The 31-page review was published on Thursday and notes there was a range of problems in the handling of the case, including there being “little coordinated oversight” in the case during the months before the child’s death.

It further describes there being a lack of attention paid to “how well this family was doing, what help they might be offered, and what their engagement or lack of it, meant for the risks to the children”.

In the months before the death, health visitors and educational staff began to “raise concerns” but “it took a total of six months before these were comprehensively assessed, with the eventual conclusion that social care intervention was appropriate”.

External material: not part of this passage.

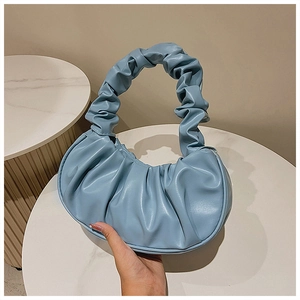 Nahaufnahme der hellblauen Wolken-Handtasche mit gerafftem Griff auf einem Marmortisch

Other problems were linked to information not being shared between services and limited planning with the family. The report adds: “The case was managed over six years in a variety of different ways and without clear overall objectives which connected each separate intervention and linked separate episodes and plans together.

“This did not make it easy for mother and father to appreciate professionals’ concerns or to have a consistent framework within which to develop their parenting skills and confidence.”

Following the publication, the leader of Thurrock Council, Councillor Rob Gledhill said: “Any child death is a tragedy and a deep loss for the family to which we continue to offer our condolences. The SCR, based on the coroner’s report, concluded that the death was from ‘unrelated and unknown causes’, therefore no organisation or individual is responsible for the tragic death.

“Post-mortem investigations did not establish a cause of death, which was recorded as unascertained at inquest - this can also be known as unexplained death such as ‘cot death’ or Sudden Infant Death Syndrome.

“It was right to commission a SCR to review and identify any learning for the agencies working with the family. The report makes a number of recommendations and raises areas for improvement which includes better partnership working to support this family from when they became known to Children’s Services in Thurrock in 2012.”

He continued: “The cabinet member for social care has asked that this SCR report be referred to our Children’s Overview and Scrutiny Committee, with a proposed action plan developed to ensure that the Thurrock Safeguarding Children’s Partnership is held to account and the recommendations in this report fully addressed.”

Councillor James Halden, who oversees social care, said: “An independent review of the Thurrock Safeguarding Children’s Partnership has already been commissioned and in my mind it is vital - we need to ensure the partnership has enough capacity, independent challenge and that it actions SCRs, or Child Safeguarding Practice Reviews as they are now known, quickly and robustly.

“This review of the partnership had already been agreed and is not a direct response to this or any other SCR.”